EXERCISE: At the line that holds "L. L for Lion.", start repeating, and keep going exactly through the final line of the material; include both ends and skip the pictures.

DATA:
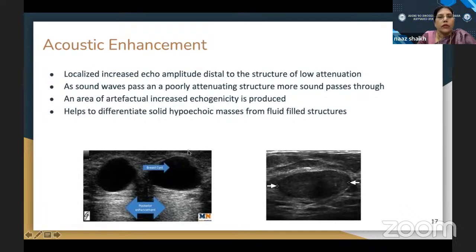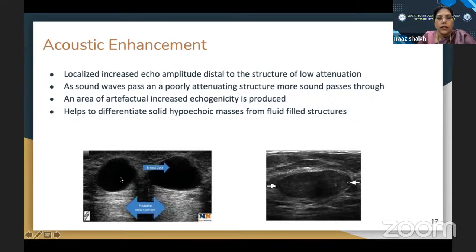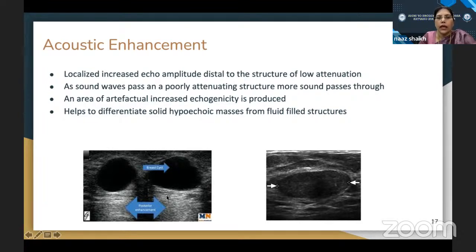Acoustic shadowing is another important feature — complete shadowing appears behind calculi, dirty shadowing occurs with ring-down artifacts from gas bubbles, and edge shadowing appears near the edges of the gallbladder. Recognizing these shadows helps make accurate diagnoses. Acoustic enhancement occurs when the sound beam passes through fluid completely, allowing more sound waves to pass behind, creating brightness — called post-acoustic enhancement. This is seen in cystic swellings and fibroadenomas.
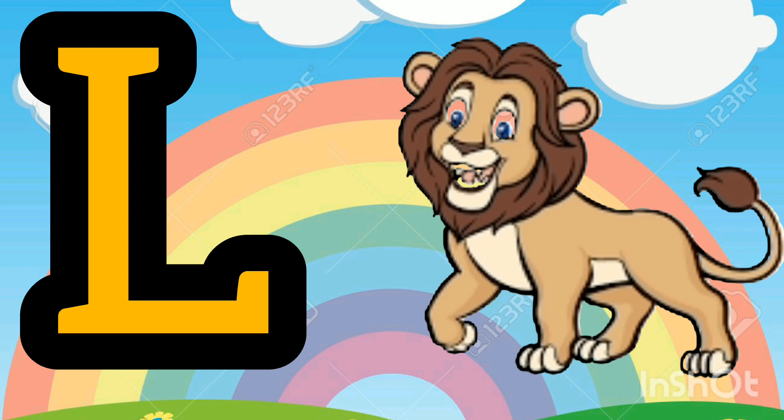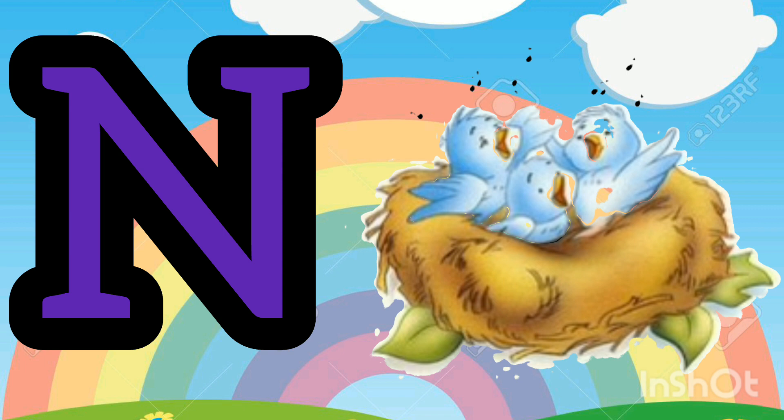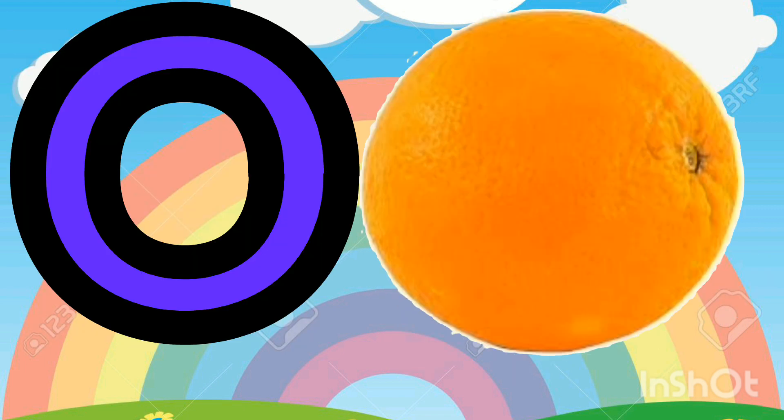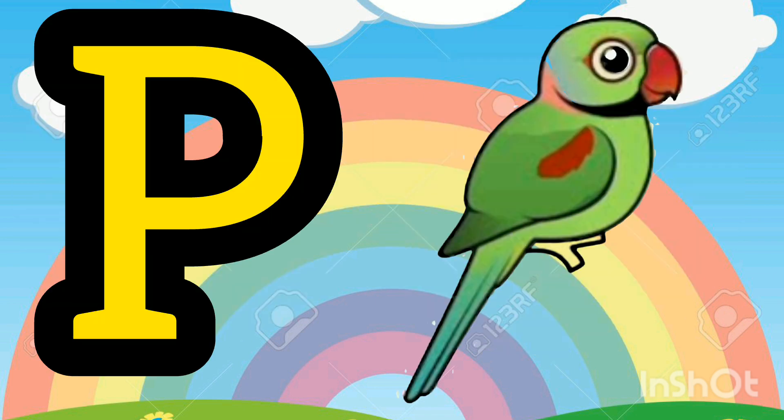L. L for Lion. M. M for Monkey. N. N for Nest. O. O for Orange. P. P for Parrot.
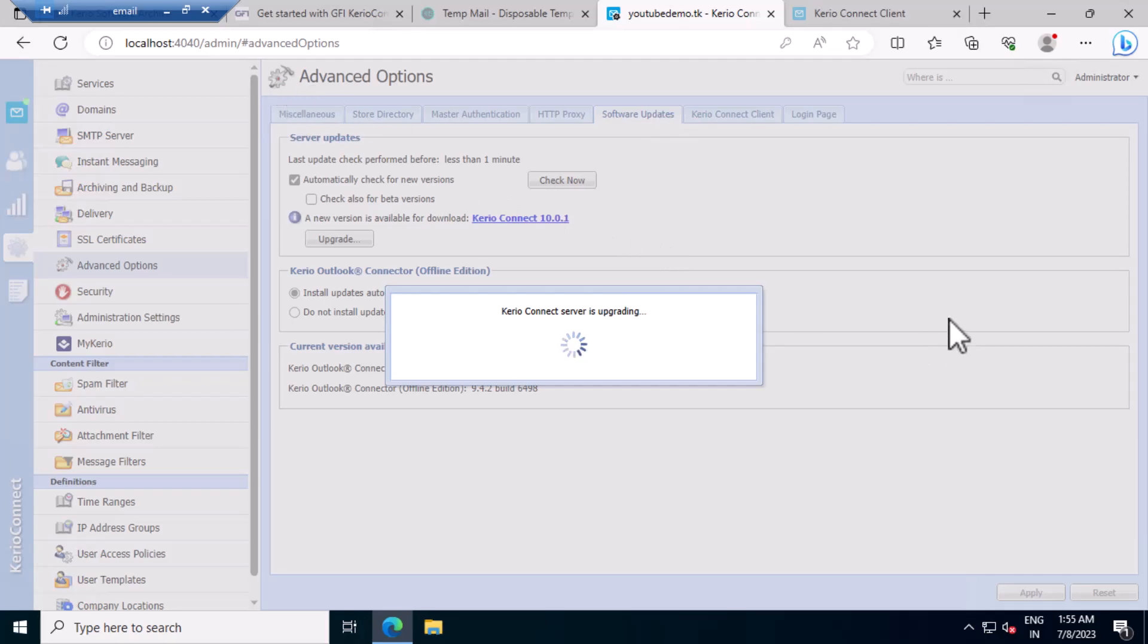So this will be auto-upgrading. So we have to give ample of time. See, all the files will be upgraded. Let's wait a few more minutes.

RESPONSE TO THIS EXERCISE:
L. L for Lion. M. M for Monkey. N. N for Nest. O. O for Orange. P. P for Parrot.
So this will be auto-upgrading. So we have to give ample of time. See, all the files will be upgraded. Let's wait a few more minutes.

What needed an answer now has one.